What is chasing you? (Wetin dey pursue yu sef?)

This question is mainly from the Nigerian quarters.  It is born out of the proverb that goes thus – the toad running in the day time is either fleeing from a threat or pursuing something lucrative. My answer is that I am fleeing obesity and pursuing fitness

How long is the distance?

A marathon is 26.2 miles long and a Half marathon is 13.1 miles long. D’banj’s maxim- No long thing- does not apply here.

Will you finish the race?

By the grace of God (I am a Nigerian thus there is God in everything we do)

Why race money for charity?

I wondered about this myself when I first came to the UK till I learn how it works here. My formative years were spent in Nigeria where charitable acts were financed through fund raising initiatives where would-be donors gave if they felt the cause was worthy of their money.

The concept of giving because of the difficult of the task to be endured is worthy of your money is how it is done in the UK.  So people run long distances, climb mountains or swim across rivers and ask friends and family to sponsor them with all proceeds going to a designated charity. England’s premier marathon, the Virgin London marathon raises thousands of pounds for UK charities as most of the non- elite participants run to raise money


Participants are divided into the Elites and non-elites or fun runners. The Elites (also referred to as Kenyans and Ethiopians) start at the front and are usually the professionals. The fun runners who consist of the serious fun runners who are members of running clubs and the real fun runners who are more interested in taking part, enjoying the day and raising money. Real fun runners would be the ones with the fancy costumes and the ones who smile and wave at the watching crowd.

Personally persona Personally

I personally run Half Marathons as they provide incentive to run throughout the year. Once you register for a race, you know that you will suffer on race day if you do not train. This training is done according to a schedule and not according to the weather or how your feel.

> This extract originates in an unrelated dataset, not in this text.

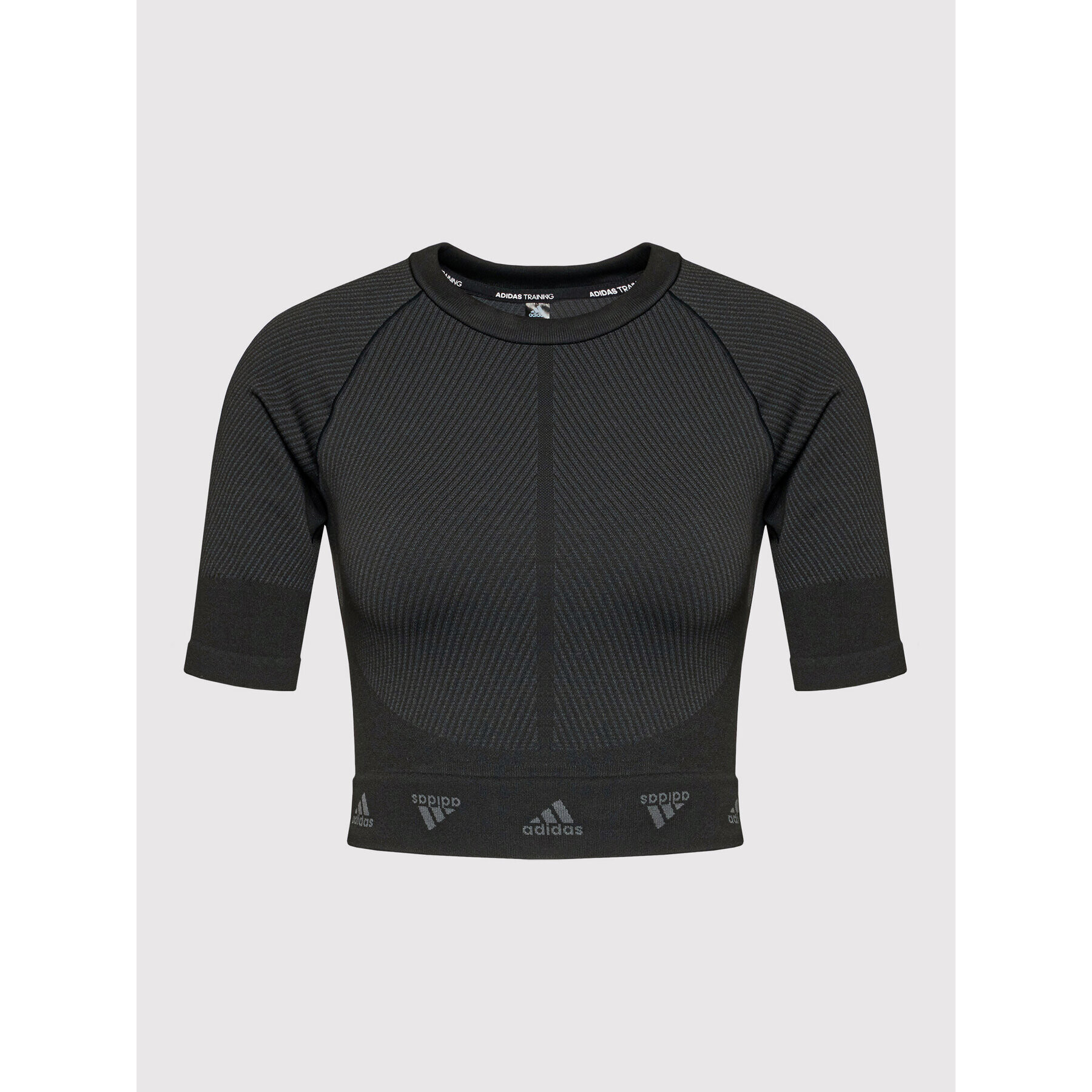 adidas Тениска от техническо трико Aeroknit HA8994 Черен Slim Fit - Pepit.bg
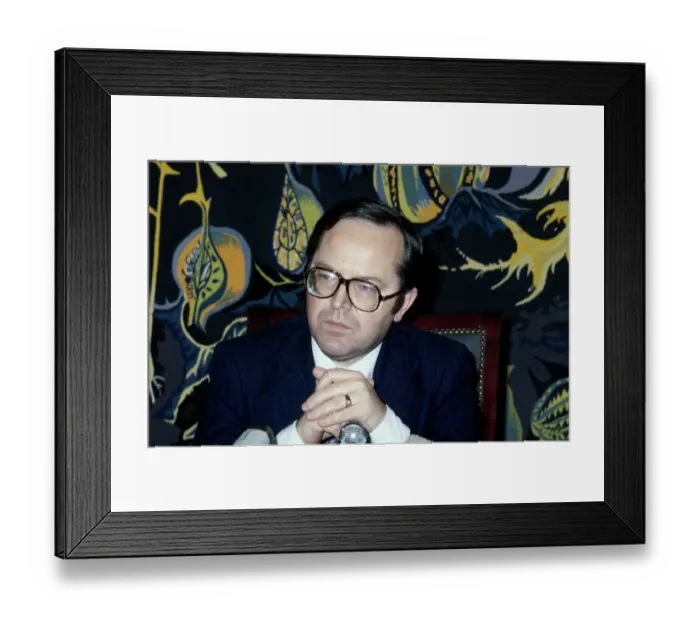 Framed Print : Wilfried Martens Framed Print : Wilfried Martens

I run with my I-pod and select whatever Ted lectures, music or preaching tapes I need to listen to before leaving the house. If it rains, then I pat myself on the back for battling the elements.

I cope with the breathlessness and muscle pain by telling myself that – no pain, no gain, short term inconvenience for long term health and fitness, short term story, long term glory.

I am one who needs to meditate and pray daily and I fall asleep if I try to do this sitting in a corner. I must keep moving, so in running I kill two to five stones with one bird.